Slain former Pakistani premier Benazir Bhutto had a premonition that she would be murdered and had said her farewells to her near and dear ones, her sister has revealed.
Bhutto's younger sister Sanam, who declined to take on the leadership of the Pakistan People's Party after the two-time prime minister was assassinated last month, said,
"Towards the end, she had this soft look and sadness in her eyes. I can't explain it: it was just this different look."
"She was very nice to everyone, very considerate. Although she was going through some stress, she thought about each one of us. It was as if she knew she was saying goodbye," Sanam was quoted as having told her journalist friend Daphne Barak by The Telegraph newspaper.
"She even bought a present for my daughter, and instead of giving her money she gave her a very special necklace," said Sanam, who lives in London with her two children.
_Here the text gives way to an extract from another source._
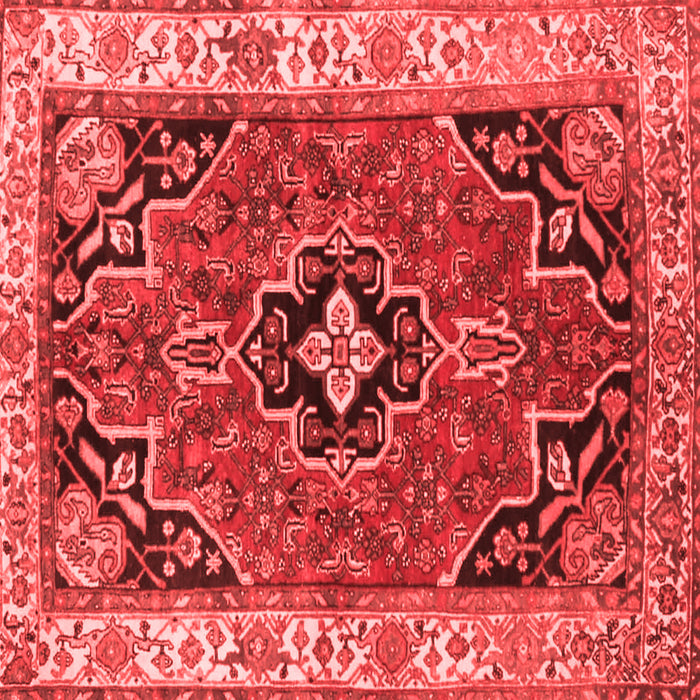 Machine Washable Oriental Red Traditional Rug, wshtr4651red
Sanam was also quoted by the newspaper as vouching rather indirectly for Bhutto's controversial will in which she bequeathed the PPP to her husband Asif Ali Zardari. Sanam said her sister wrote the will shortly before she returned to Pakistan from exile on October 18 last year.
"Two days before she left for Pakistan, she wrote a 17-page will," said Sanam, the only surviving child of the late PPP founder Zulfiqar Ali Bhutto.
Sanam also revealed that she is organising a tribute for Bhutto in the United Kingdom.